Short web captions
________________

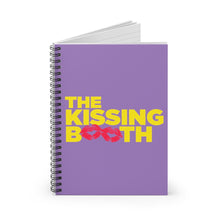 Load image into Gallery viewer, The Kissing Booth Spiral Notebook - Ruled Line (purple)
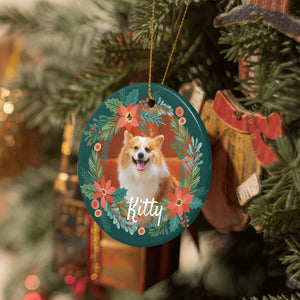 Personalized Christmas Ornaments for Puppy Dog as Holiday Gifts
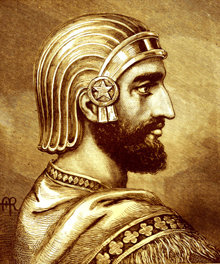 Ciro, o Grande, o primeiro rei da Pérsia, libertou os escravos da Babilónia em 539 a.C.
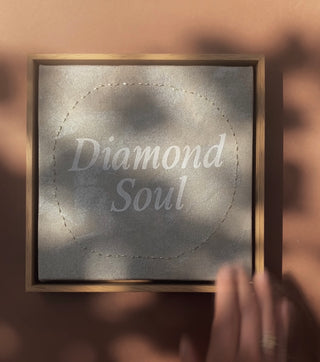 DIAMOND SOUL - ORIGINAL LEINWAND AUS CANVAS 20 x 20 CM - MIT SCHATTENFUGENRAHMEN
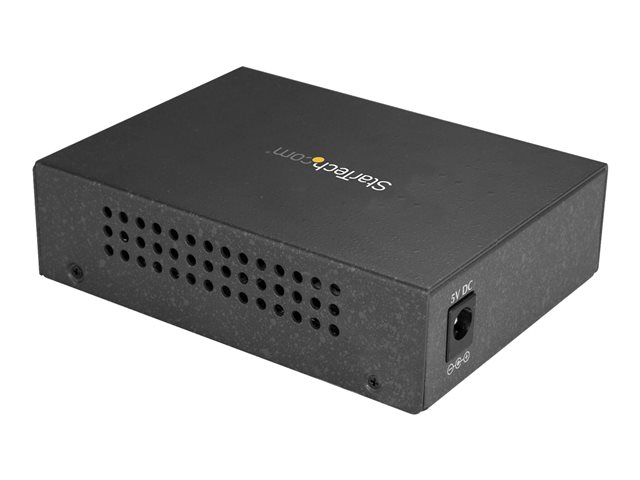 Elara StarTech.com Singlemode (SM) SC Fiber Media Converter For 10/100/1000 Network 10km Gigabit Ethernet 1310nm W/ Auto Negotiation Gigabit Ethernet T
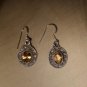 Awesome Oval Shape 3ctw Genuine Citrine 925 Sterling Silver French Hook Earrings
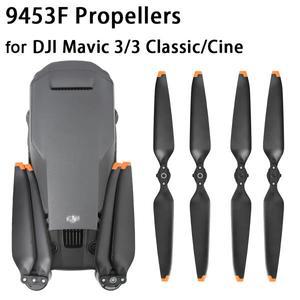 저소음 비행 날개 팬, DJI호환 Mavic 3/3 Cine/3 클래식 프로펠러 소품 블레이드 교체, 예비 부품 드론 액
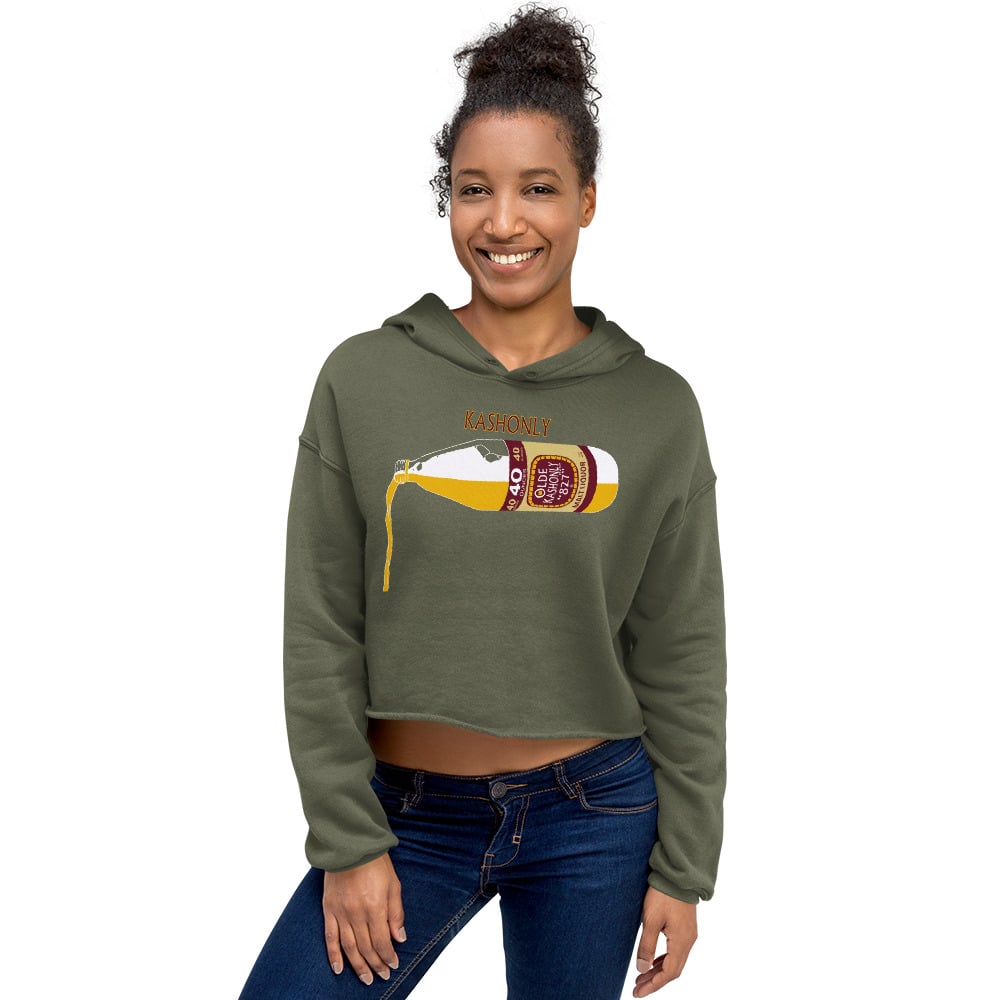 Image of OLDE KASHONLY KROP HOODIE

________________

Repeat the entries exactly, pictures left out.

Answer for the task
 Load image into Gallery viewer, The Kissing Booth Spiral Notebook - Ruled Line (purple)
 Personalized Christmas Ornaments for Puppy Dog as Holiday Gifts
 Ciro, o Grande, o primeiro rei da Pérsia, libertou os escravos da Babilónia em 539 a.C.
 DIAMOND SOUL - ORIGINAL LEINWAND AUS CANVAS 20 x 20 CM - MIT SCHATTENFUGENRAHMEN
 Elara StarTech.com Singlemode (SM) SC Fiber Media Converter For 10/100/1000 Network 10km Gigabit Ethernet 1310nm W/ Auto Negotiation Gigabit Ethernet T
 Awesome Oval Shape 3ctw Genuine Citrine 925 Sterling Silver French Hook Earrings
 저소음 비행 날개 팬, DJI호환 Mavic 3/3 Cine/3 클래식 프로펠러 소품 블레이드 교체, 예비 부품 드론 액
 Image of OLDE KASHONLY KROP HOODIE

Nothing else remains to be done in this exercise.